Collected data entries:

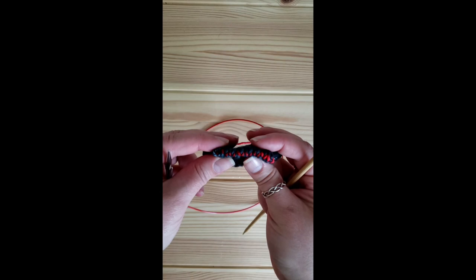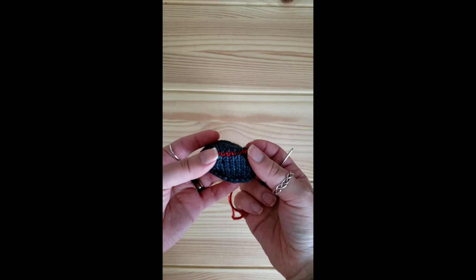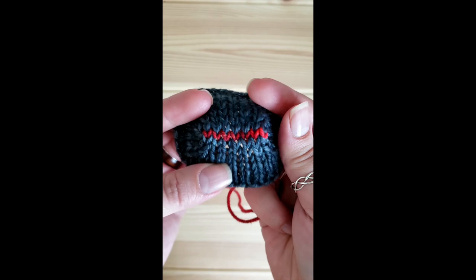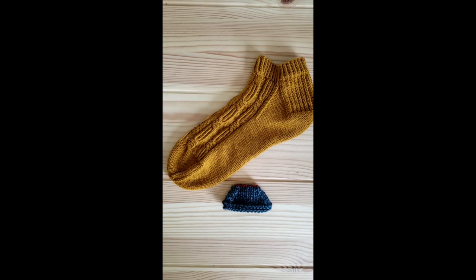You will still use a darning needle to weave in your ends, but as you can see I don't actually have to mess with my tension on this end at all. At this point you will use your tapestry or darning needle just to bring your end into the inside of your sock and weave in your ends in your preferred method. As you can see, these are my grafted stitches in red. My tension is almost identical to my existing stitches, so I don't have any need to go back and make adjustments later and don't have to worry about puckering or loops in my work.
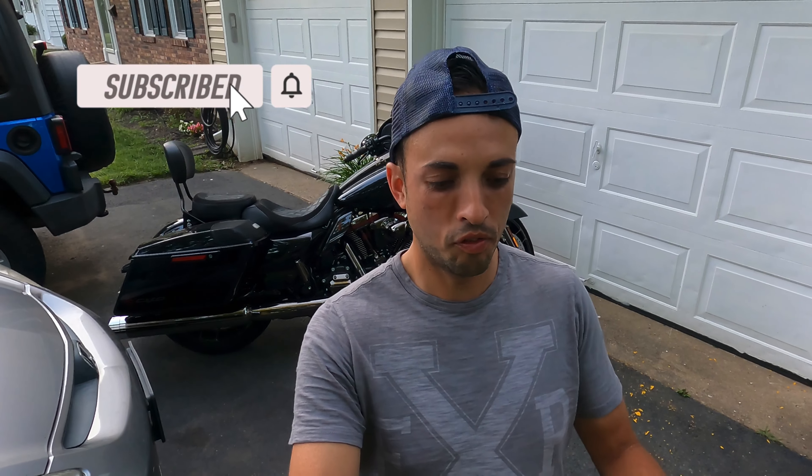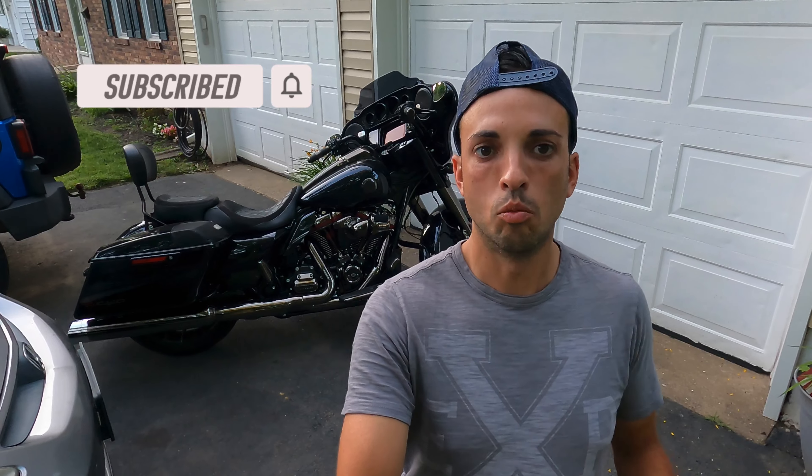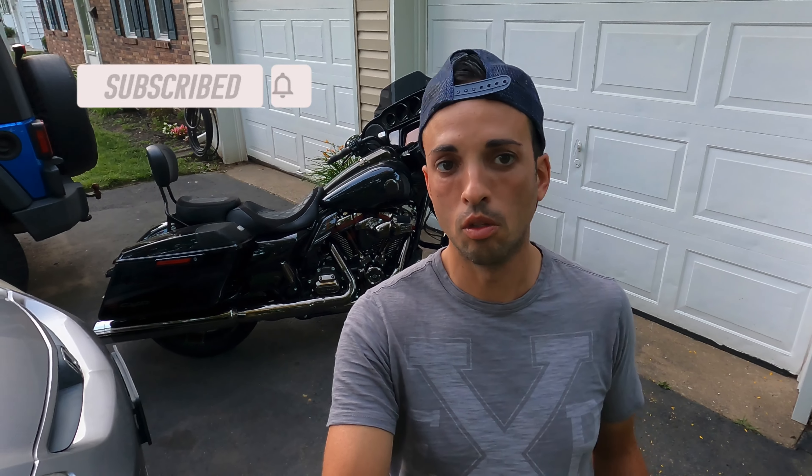What's up guys, I finally got my ChromeWorks slip-on exhaust that I've been waiting so long for. Unfortunately, I had an installation video recorded but lost all of my video footage from my memory card, so I'm going to just do a cold start and let you know how it sounds.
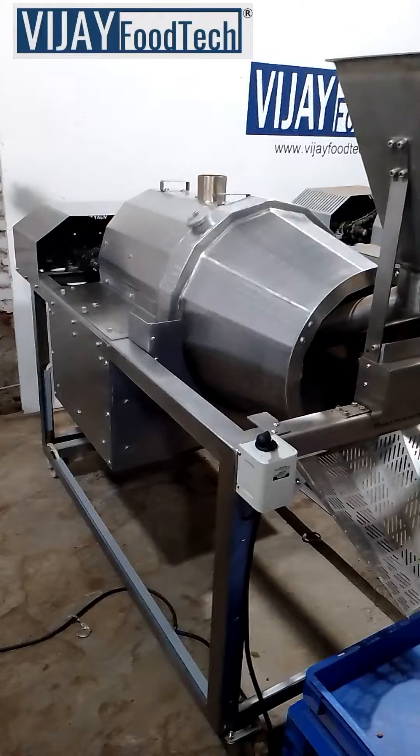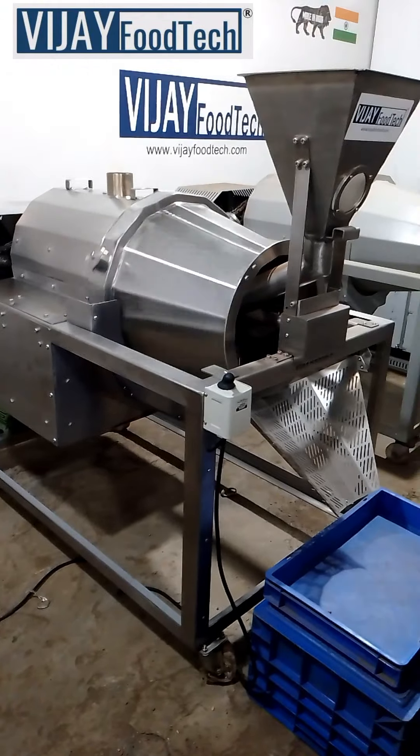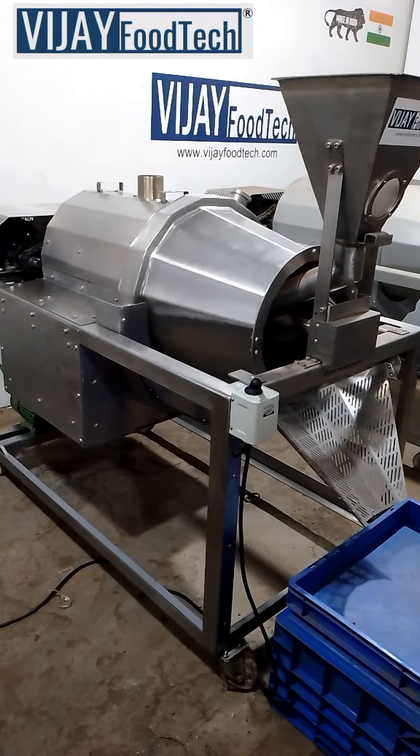Using LPG gas, it consumes 1 cylinder of 19 kilograms to roast 800 to 1000 kilograms of peanuts.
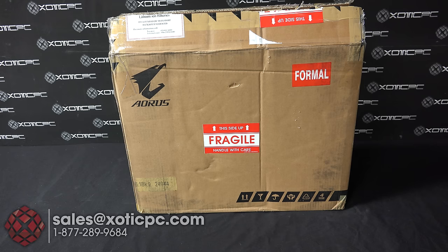Hey everyone, thanks again for checking out another video from Exotic PC. Today we're going to do an unboxing of the Aorus X5 V5 SL1.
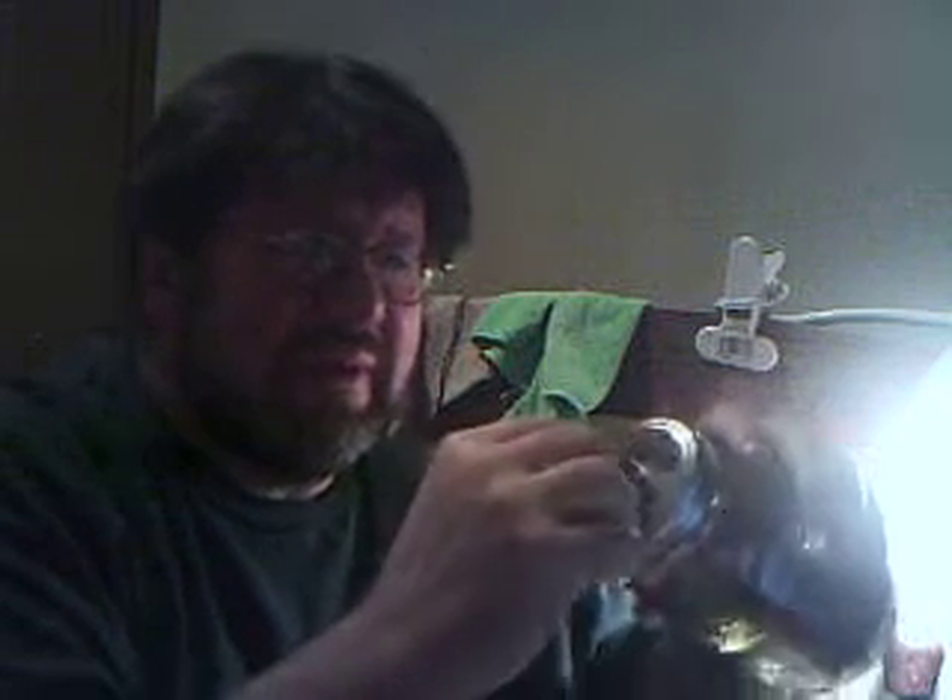Then take the screw-on lid, put it over top, and crank it down by hand as tight as you can go. That's all you need to do. Put the date on there, and the name of the tobacco, write it on there, and stick it somewhere dark and away from the heat. And that goes for tins that you're storing too — you don't want them exposed to sunlight and you don't want them exposed to heat. I keep my tins in my hallway closet, away from any sunlight and away from any heat. It's a great place to store tobacco.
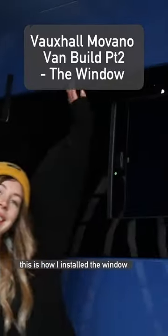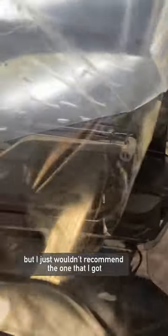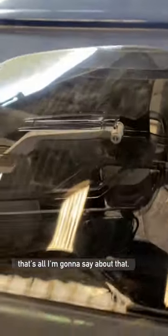As quick as I can, this is how I installed the window in my Vauxhall Movano camper van. I do also have a roof vent but I just wouldn't recommend the one that I got — save up and get a Max Air fan, that's all I'm gonna say about that.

**Exercise directions:** Each line from the one bearing "Then take the" through the final line of the records is to be copied exactly, and no pictures are to be included.

**Response to the task:**
Then take the screw-on lid, put it over top, and crank it down by hand as tight as you can go. That's all you need to do. Put the date on there, and the name of the tobacco, write it on there, and stick it somewhere dark and away from the heat. And that goes for tins that you're storing too — you don't want them exposed to sunlight and you don't want them exposed to heat. I keep my tins in my hallway closet, away from any sunlight and away from any heat. It's a great place to store tobacco.
As quick as I can, this is how I installed the window in my Vauxhall Movano camper van. I do also have a roof vent but I just wouldn't recommend the one that I got — save up and get a Max Air fan, that's all I'm gonna say about that.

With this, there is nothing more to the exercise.